This problem is paramount in strategically located towns. Tarmiyah is generally referred to as part of “northern Baghdad,’’ but it is officially in the southern part of Salah al-Din province. Tarmiyah sits at a strategic point between two main roads running north from the capital: one road leads to Kirkuk and the other to Tikrit. Sect-based sensitivities are strong in this area for historical reasons. Rumors of plans to displace local Sunni inhabitants using the pretext of “ensuring security for the capital” have cropped up periodically in recent years, with some claiming that one tactic is to cut down palm groves to take away inhabitants’ livelihoods.

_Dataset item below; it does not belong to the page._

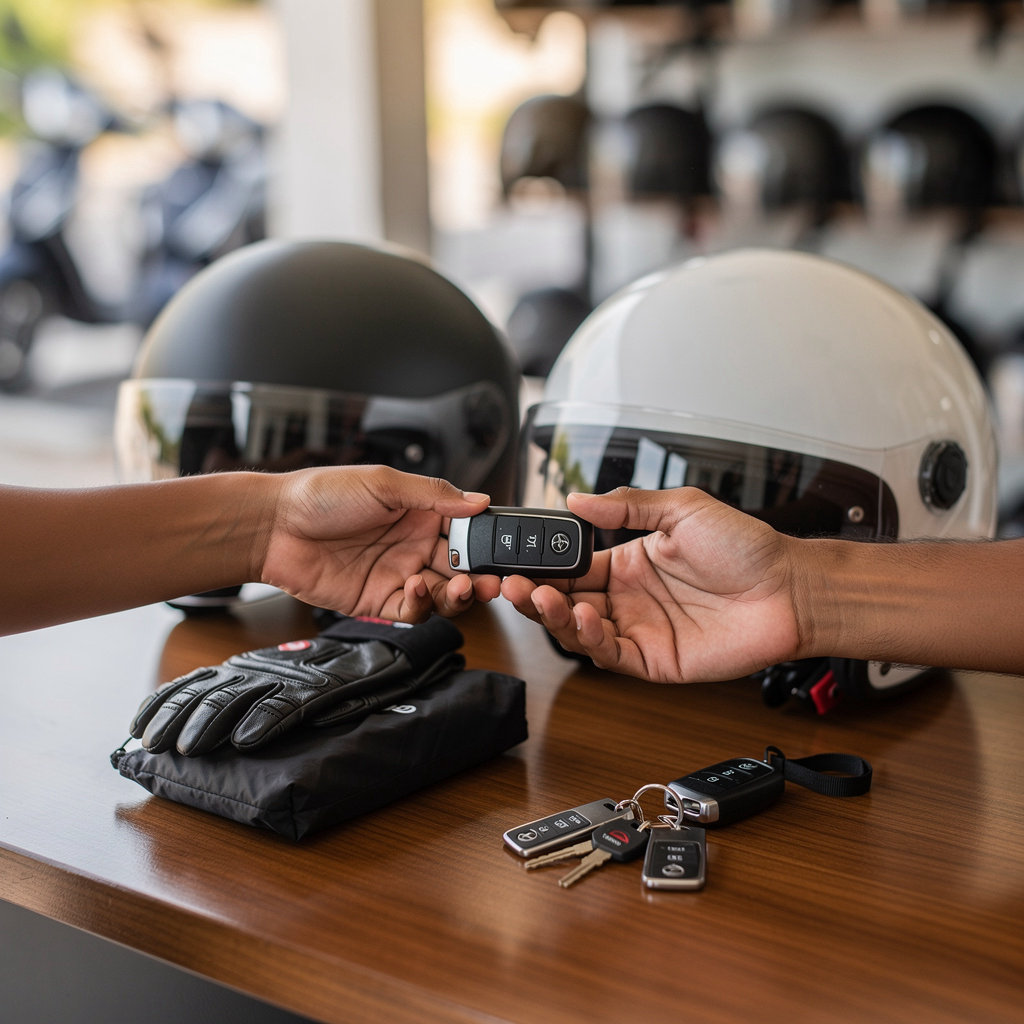 Atilosa Bike Rental professional motorcycle rental services in Cemagi, Bali with safety gear and accessories included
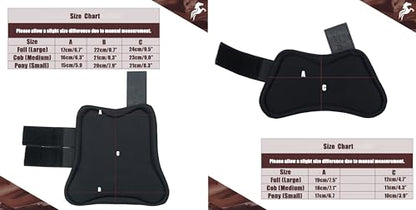 Jeereal Horse Tendon Brushing Boots Open Front & Fetlock Boot | Protective Gear and Training Equipment |Neoprene,Breathable Waterproof Fabric and Genuine Leather | 4 Set - color: Coffee, size: Cob (Medium)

Many local Sunni communities are wary of Shiite-led PMF from the south. Others requested help from them after their land was taken by ISIS in 2014, when assistance was not available elsewhere and requests for help from foreign countries were ignored, such as in some areas of Salah al-Din province.

The Feb. 20 counterterrorism operation notably left four members of the Iraqi armed forces dead. Three were locals from an al-Obaidi Sunni tribal unit and one was from the army: The number of losses within the forces involved in the operation and the jihadists they were targeting was almost equal.

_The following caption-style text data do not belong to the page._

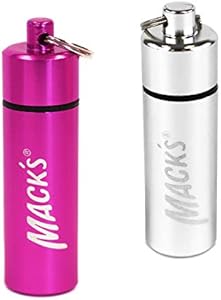 Mack’s Keychain Carrying Case, Aluminum, Waterproof Ear Plugs Holder – 2 Pack (Pink) Mack's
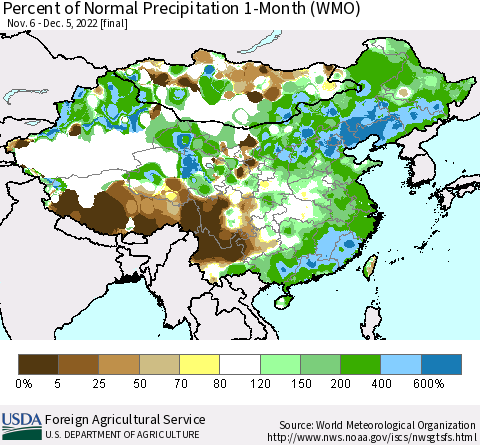 China, Mongolia and Taiwan Percent of Normal Precipitation 1-Month (WMO) Thematic Map For 11/6/2022 - 12/5/2022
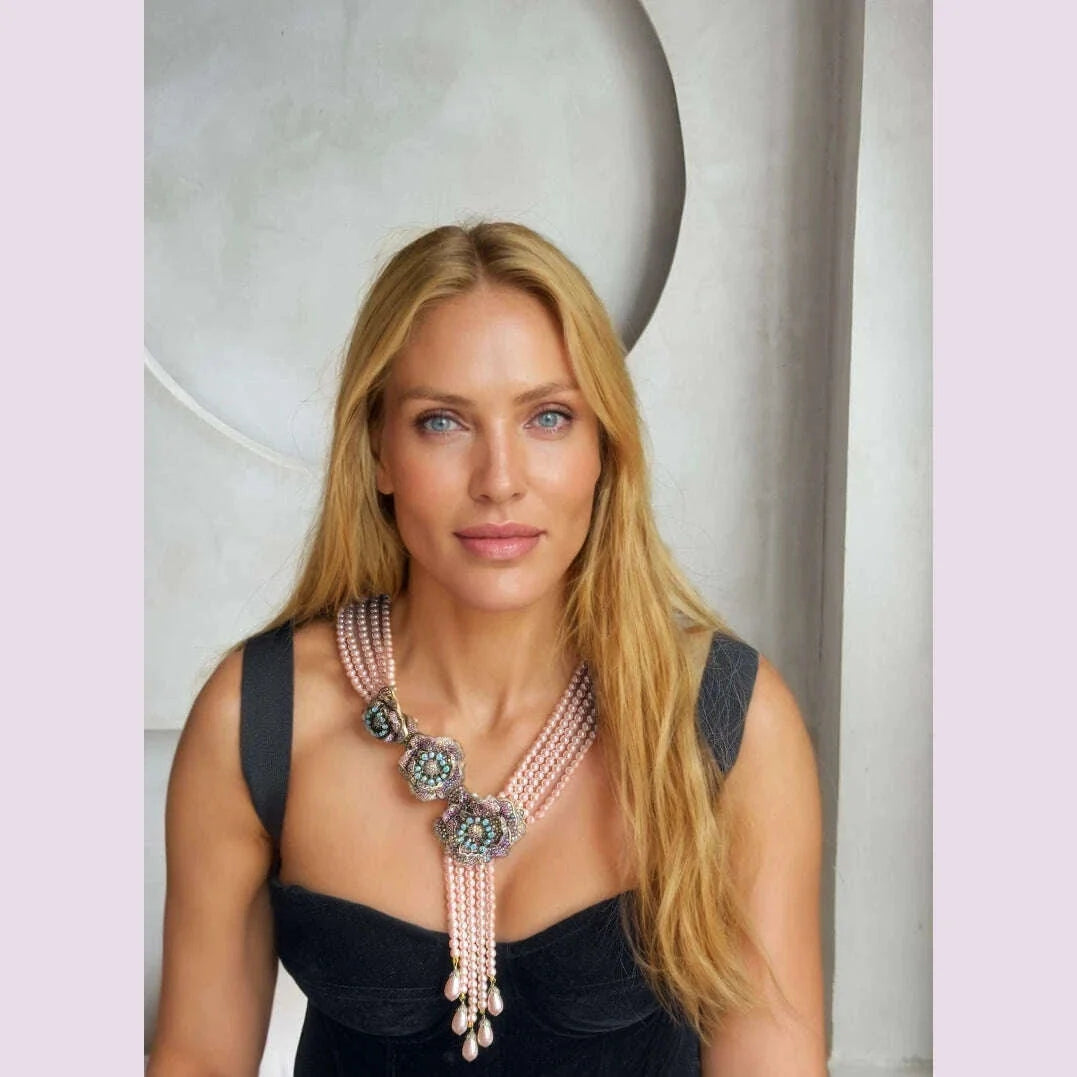 HD Europe and the United States  Retro Literature Sweet Heavy Multi-Layer Glaze Inlaid Shiny Rhinestone Flowers Tassel Necklace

ISIS published photos of weapons it allegedly captured from Iraqi forces during the operation. Some reports stated an Iraqi F-16 had been damaged by ISIS ground fire, injuring the pilot. Newlines was unable to verify these claims.

Iraqi military intelligence chief Maj. Gen. Faiz al-Mamouri told Iraqi media that two key ISIS leaders were among the five killed and that the operation had been planned and executed thanks to information that had proven accurate from sources inside Tarmiyah. Baghdad operations commander Maj. Gen. Ahmed Salim told local journalists that the military and administrative head of ISIS in northern Baghdad had been killed as well as the head of ISIS media for the town of Fallujah in nearby Anbar province.

The dominant tribe in the area is the Mashhadani. The head of the Mashhadani tribe told me in 2018 that he now lives in Baghdad and can only return to Tarmiyah under cover and for short periods because of risks to his security.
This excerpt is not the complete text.